Work task -> Copy word for word the lines in the records below, starting at the line with "Maracuja Passionsfrucht" and ending at the line with "SHHFK7H41JU224741 фото 6". Skip the pictures.

Data section ->

--

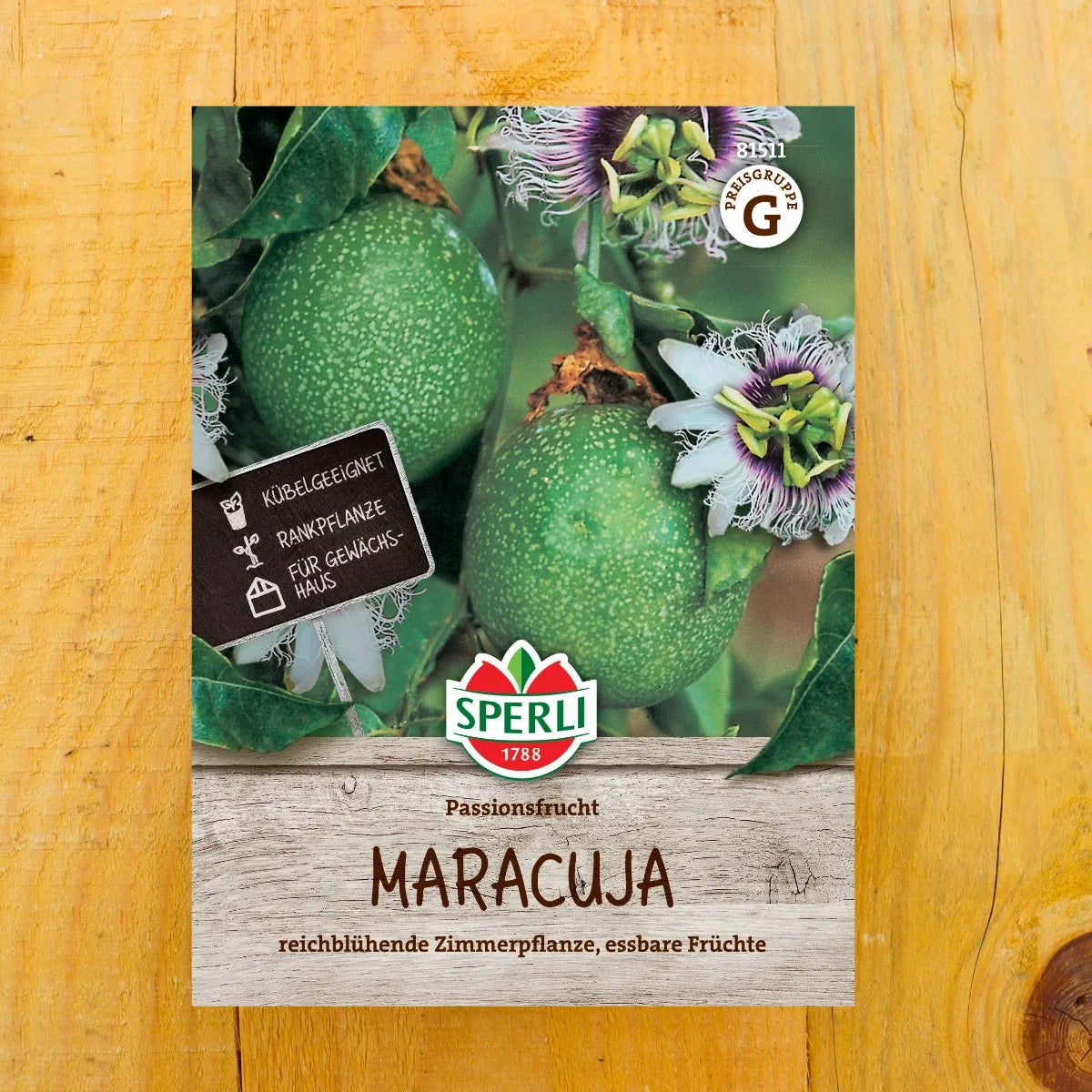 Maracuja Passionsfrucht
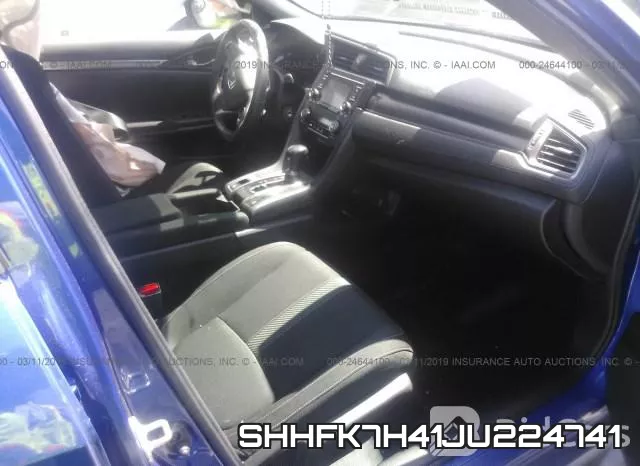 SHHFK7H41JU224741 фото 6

--

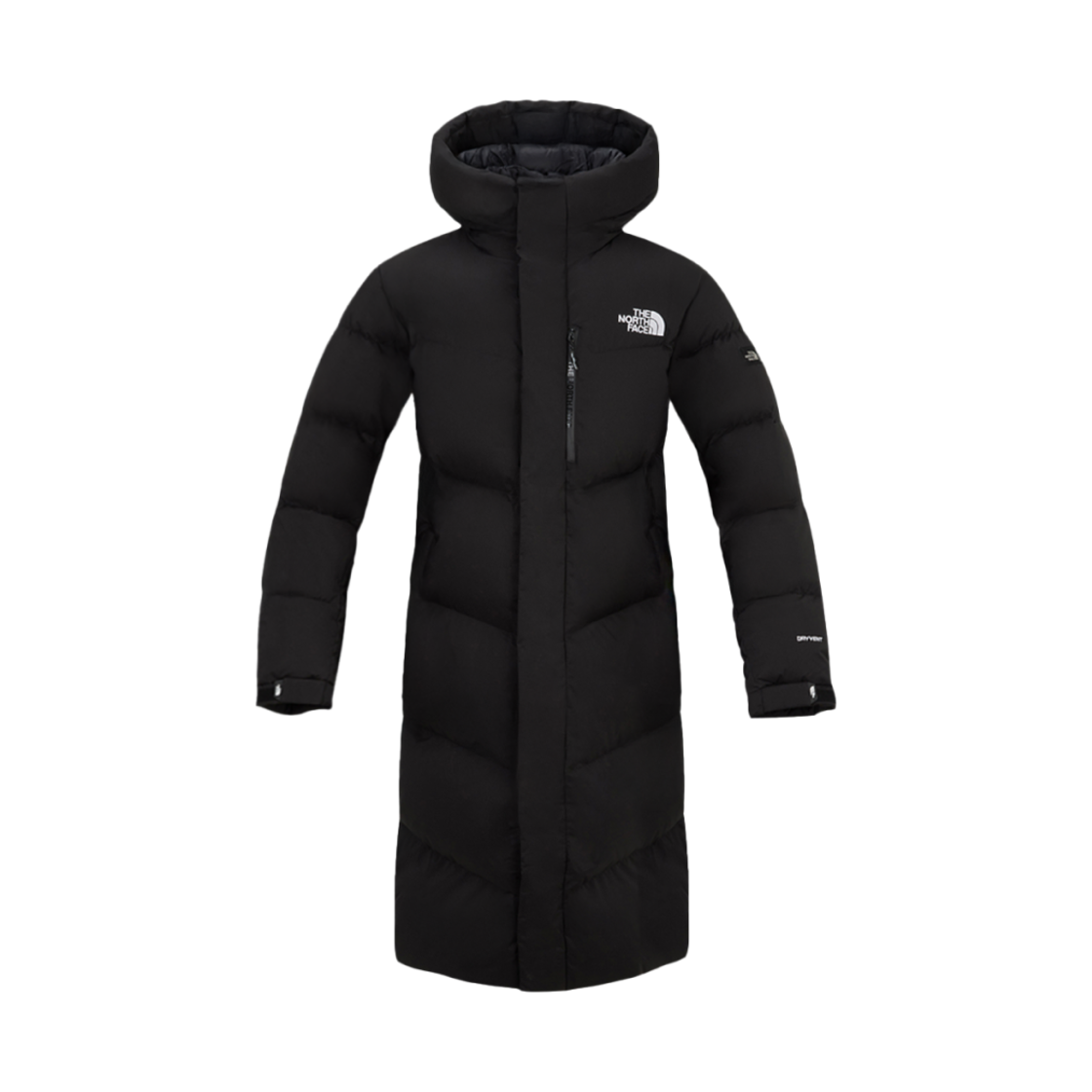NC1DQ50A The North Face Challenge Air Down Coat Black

--

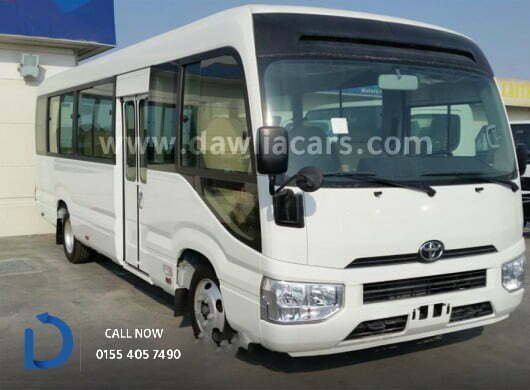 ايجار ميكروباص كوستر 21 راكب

--

Output of the task ->
 Maracuja Passionsfrucht
 SHHFK7H41JU224741 фото 6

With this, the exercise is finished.